Really sad :frowning:

That’s why it’s so important we close our borders, ban immigrants and build walls.
Amiright?

This is what needs to happen. People think they will go out in a blaze of glory and be all over the news. The news media needs to quit feeding their fantasy, and instead report the stories presenting the shooter as a total loser.

And make sure everyone, even elementary school children, owns and carries a gun. That should solve the problem.

When I first saw that I was shocked. Then I read the line about the suicides (clearly not ok either), but I am curious as to how many of the 11 were suicides and what does it mean about ones that did not have any injuries at all.

Were some of the occurances like the 1972 mention of someone bringing a gun to school and firing it at a wall or other structure? Did they try to shoot someone and miss? Were some drive-bys (still not ok). Were some events after school hours and possibly drug deals gone bad?

Last year at one of the local HS, a teacher who was going through a divorce and just at the point of suicide went to school early and in his classroom had decided to shoot himself. It ended in him changing his mind while firing the gun. He did not injure himself enough to die, but did cause the school to be shutdown and he of course lost his job.

I have no idea why he chose the school, maybe to be found quickly.

But I would like for them to break down the incidences to lessen the ambiguity.

That seems like more of a deflection than an explanation, since the same societal and cultural elements are mostly true in other western nations, yet they don’t have anywhere even remotely the same problem with gun violence. Has it not occurred to anyone that having far more more guns per capita than any other industrialized country in the world, and making them far easier for anyone to acquire than anywhere else, is a significant part of the problem?

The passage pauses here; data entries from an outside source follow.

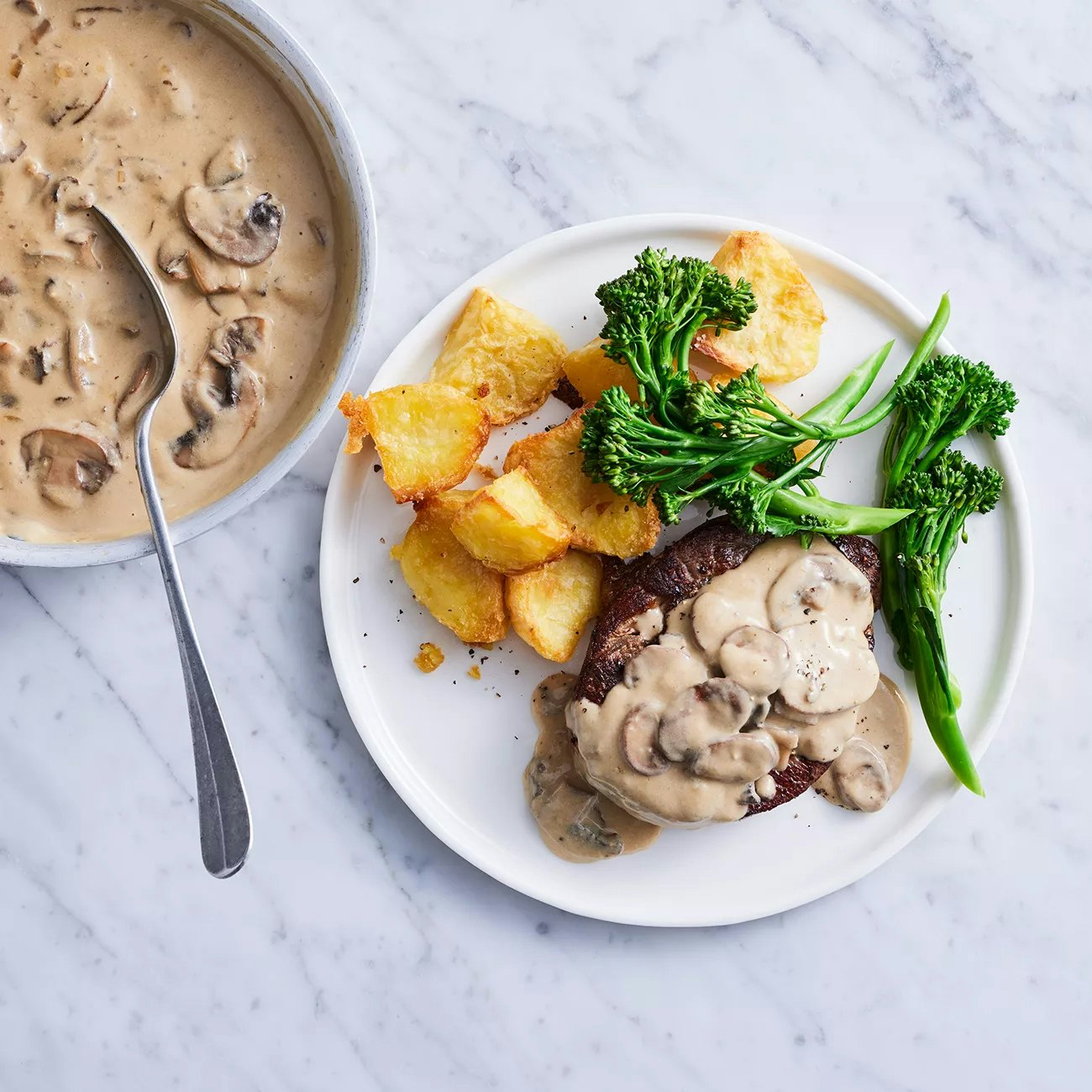 Steak with Classic Mushroom Sauce v2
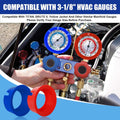 HVAC Gauge Boots 49190 Cover for Yellow Jacket JB 3-1/8" HVAC Gauges, AC Gauge Protector Boots 4910 Refrigerant Gauges Manifold Protective Covers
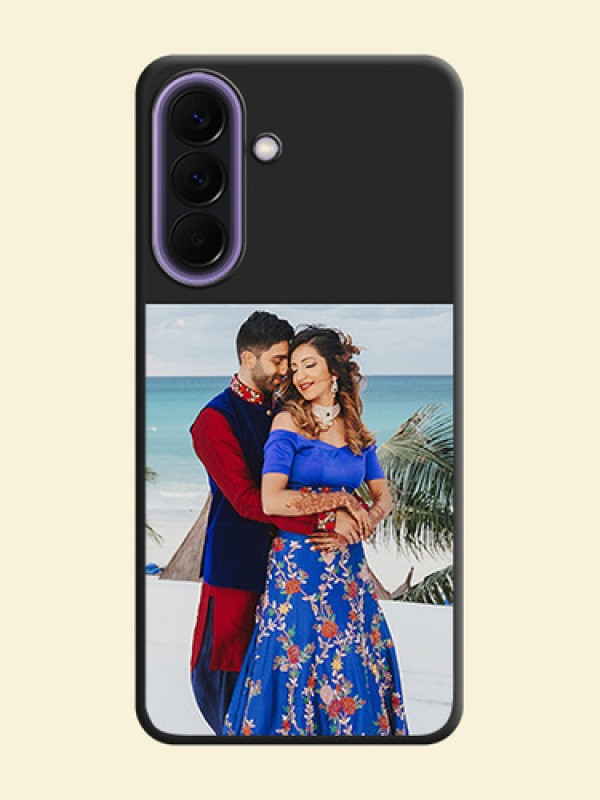 Image Upload With Space Black Color On Custom Soft Matte Mobile Back Cover - Samsung Galaxy A57 5G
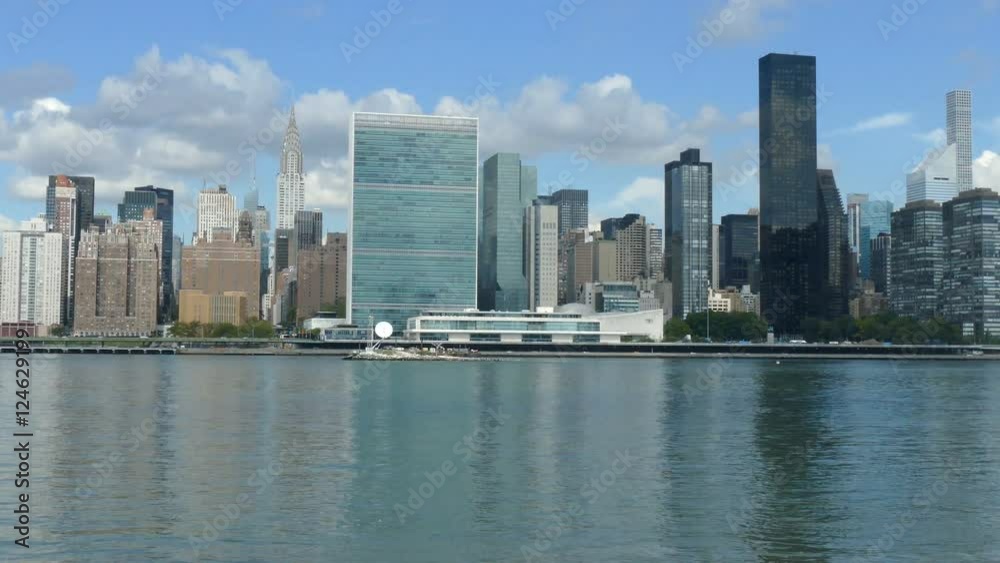 Skyscrapers, Buildings and Towers at East River, Manhattan Skyline, New York City Skyscrapers, Buildings and Towers at East River, Manhattan Skyline, New York City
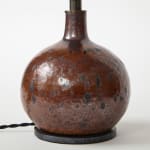 Small Brown Ceramic Lamp
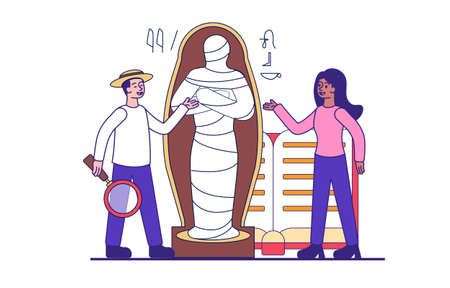 Archaeologists have found mummyのイラスト素材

None of the things you cite appeared to be true for the Newtown (Sandy Hook) shooter, who had a caring mother with an upper-class lifestyle. He was mentally unstable for reasons other than upbringing, but, in typical American style, had easy access to multiple guns. Rebecca Peters, a former Johns Hopkins University fellow specializing in gun violence, put it quite succinctly: “If you have a country saturated with guns – available to people when they are intoxicated, angry or depressed – it’s not unusual guns will be used more often. This has to be treated as a public health emergency.”

QFT

I’d say it is worrisome to see suicides as not a thing to worry about. MMV.

This and seeing ANY shooting on a campus as nothing to worry about.

So your 10-year old comes home today and says, “Mom, somebody got shot at school today, but it was no big deal–just a suicide.” Or, “Some dude shot the principal’s assistant today, but it’s okay, she didn’t die and anyway, he said she was cheating on him. What’s for dinner?”